Creating A New Controller
Getting Started
1. Create your project
2. View your project in the browser. You should see a default page.
Create your Controller
Controllers are classes that inherit from ApplicationController.
Controllers in Rails have one or many actions. Each action is defined as a method inside the controller. Some standard actions are index, create, new, edit, show, update, and destroy. But you're not limited to using those names.
We will start with index, which can be used to display the main page in your application.
3. Create your first controller called HomeController.
Create a controller file in the app/controller folder. The file should always be named with lower case letters and underscores.
app/controllers/home_controller.rb
4. Create your controller, with an empty index method. In the home_controller.rb file add:
class HomeController < ApplicationController def index end end
Create your View
5. Create your first view, to be associated with the Home
controller and the index
action.
Create a new folder in app/views. The folder name should always be lower case and the name of your controller.
app/views/home
Create a file for your first action in the app/views/home folder. The filename should always be lower case and the name of the action.

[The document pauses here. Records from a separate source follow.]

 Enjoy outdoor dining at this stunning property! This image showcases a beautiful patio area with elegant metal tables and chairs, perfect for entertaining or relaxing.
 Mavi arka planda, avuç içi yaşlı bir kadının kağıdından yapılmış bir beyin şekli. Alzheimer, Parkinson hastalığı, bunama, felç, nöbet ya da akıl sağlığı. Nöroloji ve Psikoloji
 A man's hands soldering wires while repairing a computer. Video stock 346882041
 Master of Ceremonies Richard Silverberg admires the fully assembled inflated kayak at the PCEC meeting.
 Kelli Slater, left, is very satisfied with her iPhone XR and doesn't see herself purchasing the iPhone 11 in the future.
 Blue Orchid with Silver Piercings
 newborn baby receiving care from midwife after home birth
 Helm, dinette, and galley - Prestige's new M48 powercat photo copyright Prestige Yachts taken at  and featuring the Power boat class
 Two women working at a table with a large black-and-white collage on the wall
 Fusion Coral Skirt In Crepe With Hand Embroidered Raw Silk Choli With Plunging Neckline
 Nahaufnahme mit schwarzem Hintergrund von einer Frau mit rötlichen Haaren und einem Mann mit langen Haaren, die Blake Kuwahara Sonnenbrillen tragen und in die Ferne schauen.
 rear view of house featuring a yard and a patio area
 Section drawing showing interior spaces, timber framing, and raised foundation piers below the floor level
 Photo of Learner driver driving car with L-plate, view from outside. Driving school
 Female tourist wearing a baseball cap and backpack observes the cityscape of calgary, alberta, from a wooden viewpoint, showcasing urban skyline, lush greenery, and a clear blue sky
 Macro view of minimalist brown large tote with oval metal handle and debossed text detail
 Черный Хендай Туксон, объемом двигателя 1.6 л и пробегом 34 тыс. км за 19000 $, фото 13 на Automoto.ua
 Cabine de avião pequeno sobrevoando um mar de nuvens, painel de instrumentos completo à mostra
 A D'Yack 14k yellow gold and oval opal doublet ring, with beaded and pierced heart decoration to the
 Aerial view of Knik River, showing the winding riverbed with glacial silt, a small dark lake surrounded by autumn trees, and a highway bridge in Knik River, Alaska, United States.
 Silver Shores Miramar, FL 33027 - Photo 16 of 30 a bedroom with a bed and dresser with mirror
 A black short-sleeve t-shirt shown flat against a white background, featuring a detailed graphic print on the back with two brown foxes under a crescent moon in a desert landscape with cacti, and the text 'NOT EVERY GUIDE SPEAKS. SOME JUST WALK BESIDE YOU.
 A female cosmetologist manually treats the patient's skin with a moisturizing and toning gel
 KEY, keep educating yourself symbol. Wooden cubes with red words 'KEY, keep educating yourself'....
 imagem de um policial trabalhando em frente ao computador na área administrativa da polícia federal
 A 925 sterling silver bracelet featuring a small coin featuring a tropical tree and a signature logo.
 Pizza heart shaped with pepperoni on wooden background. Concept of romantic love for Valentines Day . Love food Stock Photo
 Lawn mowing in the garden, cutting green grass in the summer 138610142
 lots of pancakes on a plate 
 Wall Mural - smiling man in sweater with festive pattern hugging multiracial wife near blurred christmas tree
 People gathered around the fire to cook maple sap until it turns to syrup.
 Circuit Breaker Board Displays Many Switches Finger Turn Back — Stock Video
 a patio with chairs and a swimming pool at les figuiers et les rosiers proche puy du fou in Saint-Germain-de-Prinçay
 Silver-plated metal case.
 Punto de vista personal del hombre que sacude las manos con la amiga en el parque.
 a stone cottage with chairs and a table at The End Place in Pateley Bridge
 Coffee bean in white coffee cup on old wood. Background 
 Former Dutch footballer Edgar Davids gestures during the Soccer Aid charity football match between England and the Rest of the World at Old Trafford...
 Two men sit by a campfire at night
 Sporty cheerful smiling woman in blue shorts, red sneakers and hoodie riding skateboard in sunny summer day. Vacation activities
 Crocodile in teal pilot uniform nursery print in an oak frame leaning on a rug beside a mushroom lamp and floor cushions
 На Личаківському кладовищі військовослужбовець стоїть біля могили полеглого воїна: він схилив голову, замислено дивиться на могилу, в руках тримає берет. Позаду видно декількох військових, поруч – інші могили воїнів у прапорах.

app/views/home/index.html.rb
Each view created is associated with one controller action. You don't even really need to define a method in the associated controller: as long as the associated controller and route exist, Rails will pretend that the method exists, and is empty, and render as such.
Create your Route
A route is a path that points to an action for a specific controller. This controller and action pair (often stylized as controller#action) also indicates which view should be used, via the file naming conventions mentioned above.
6. Edit routes.rb so that the base url points to your application entry point
root 'home#index'
NOTE: This says that your base url (i.e. root) should use the index
action of the home
controller. The view used will be the file in the app/views/home folder with name index
(e.g. app/views/home/index.html.erb).
Each subsequent route should be defined in a similar way:
get 'about' => 'home#about'
NOTE: This says that the base url with /about on the end will direct to the about
action in the home
controller.
Test your new Controller
7. Go back to your project in the browser and confirm that on the root path you now see the content from your index.html.erb file instead of the default Rails welcome page.
8. Add an about
action to the Home controller and test that you can see it at the /about path in the web browser.